---- EXERCISE INPUT

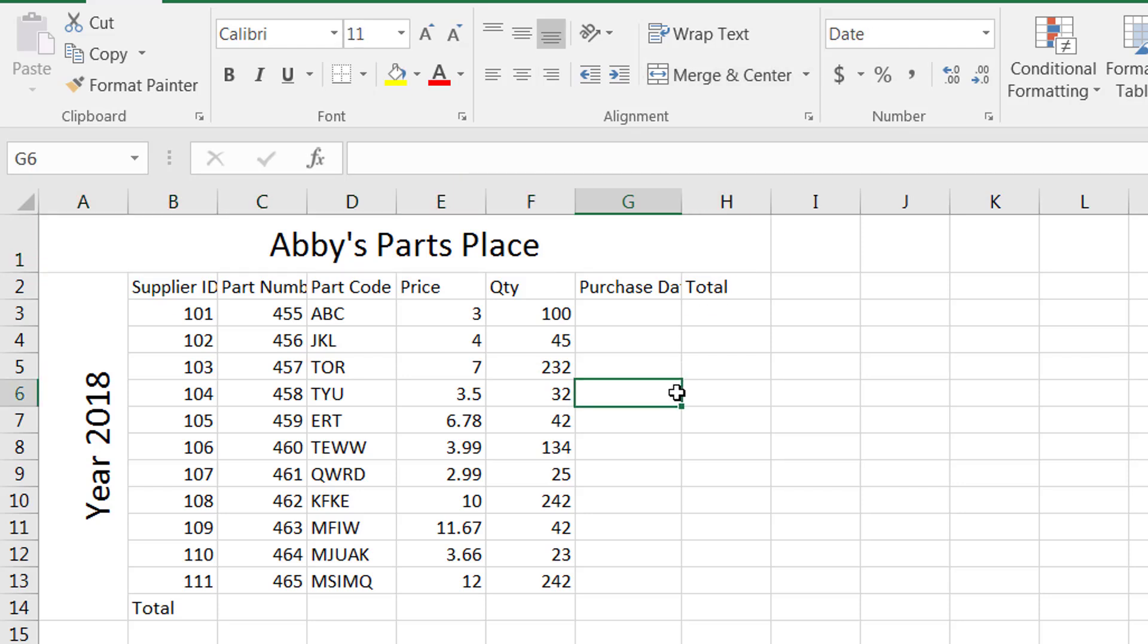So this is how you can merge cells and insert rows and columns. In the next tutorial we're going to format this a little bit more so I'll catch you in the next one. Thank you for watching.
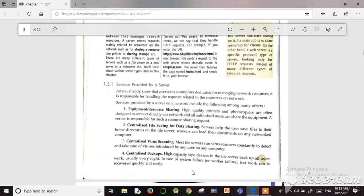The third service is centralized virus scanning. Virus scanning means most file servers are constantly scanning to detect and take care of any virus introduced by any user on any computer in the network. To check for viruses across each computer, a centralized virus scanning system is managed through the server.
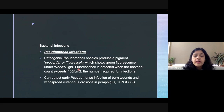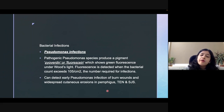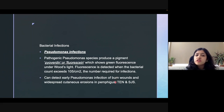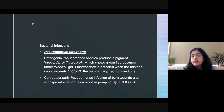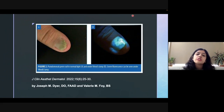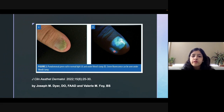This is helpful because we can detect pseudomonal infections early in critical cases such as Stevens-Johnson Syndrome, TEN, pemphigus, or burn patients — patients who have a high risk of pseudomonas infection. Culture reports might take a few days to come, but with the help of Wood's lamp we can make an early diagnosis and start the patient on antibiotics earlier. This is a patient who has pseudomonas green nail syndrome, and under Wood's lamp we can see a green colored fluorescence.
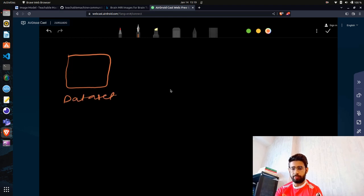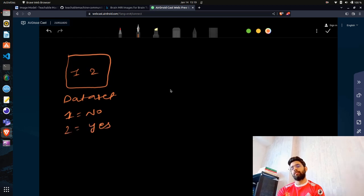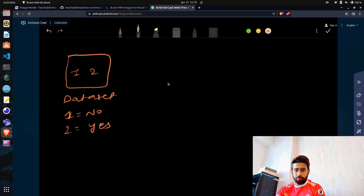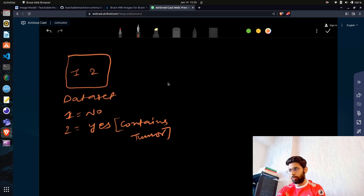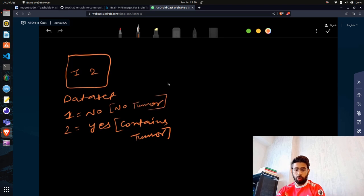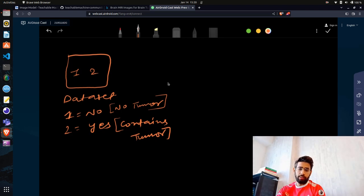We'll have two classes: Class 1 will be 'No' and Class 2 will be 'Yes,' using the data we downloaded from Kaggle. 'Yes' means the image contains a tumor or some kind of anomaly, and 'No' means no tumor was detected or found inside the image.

--------
---- EXERCISE INPUT

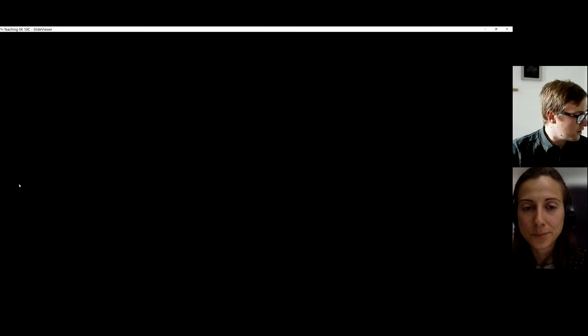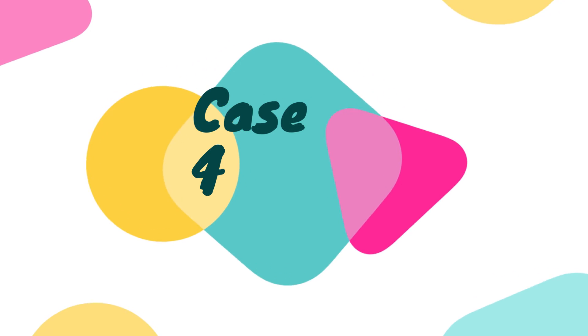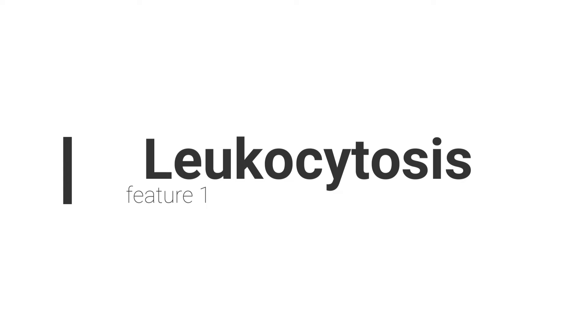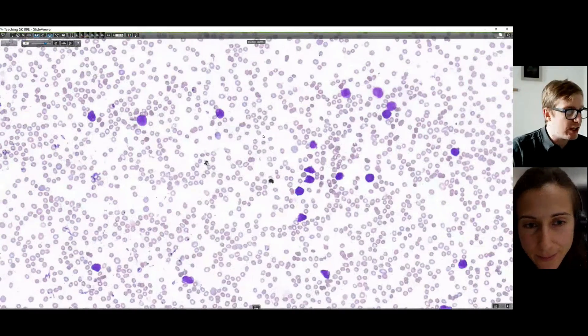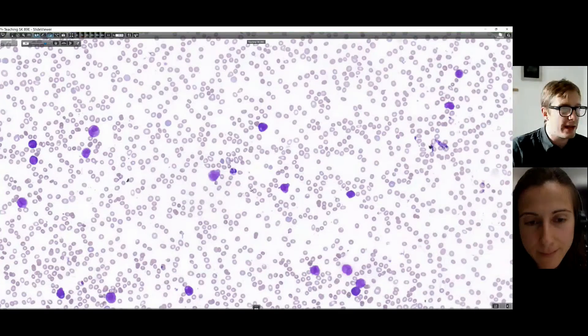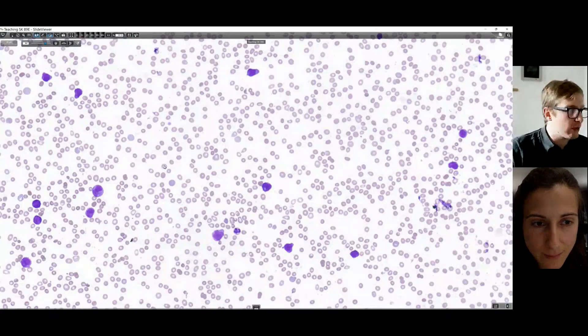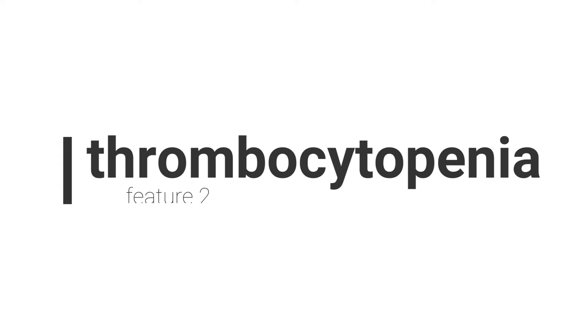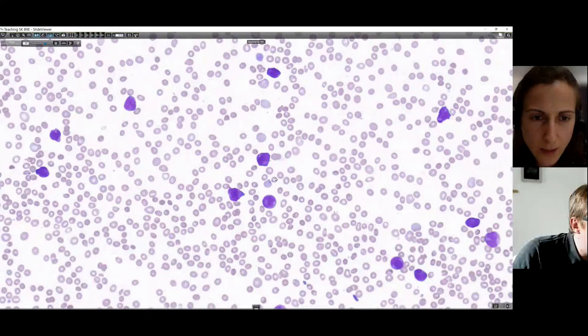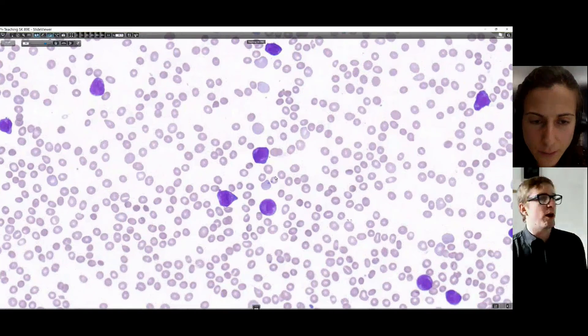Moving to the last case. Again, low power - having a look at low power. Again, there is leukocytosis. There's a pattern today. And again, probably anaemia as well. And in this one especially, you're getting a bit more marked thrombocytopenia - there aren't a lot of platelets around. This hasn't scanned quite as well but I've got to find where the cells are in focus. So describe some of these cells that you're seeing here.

--------

▸ ASSIGNED TASK: Copy the entries above exactly, but only the stretch from the line containing "This is helpful" through the line containing "We'll have two". Keep both end lines; drop the pictures.

▸ ANSWER TO THIS PROBLEM:
This is helpful because we can detect pseudomonal infections early in critical cases such as Stevens-Johnson Syndrome, TEN, pemphigus, or burn patients — patients who have a high risk of pseudomonas infection. Culture reports might take a few days to come, but with the help of Wood's lamp we can make an early diagnosis and start the patient on antibiotics earlier. This is a patient who has pseudomonas green nail syndrome, and under Wood's lamp we can see a green colored fluorescence.
We'll have two classes: Class 1 will be 'No' and Class 2 will be 'Yes,' using the data we downloaded from Kaggle. 'Yes' means the image contains a tumor or some kind of anomaly, and 'No' means no tumor was detected or found inside the image.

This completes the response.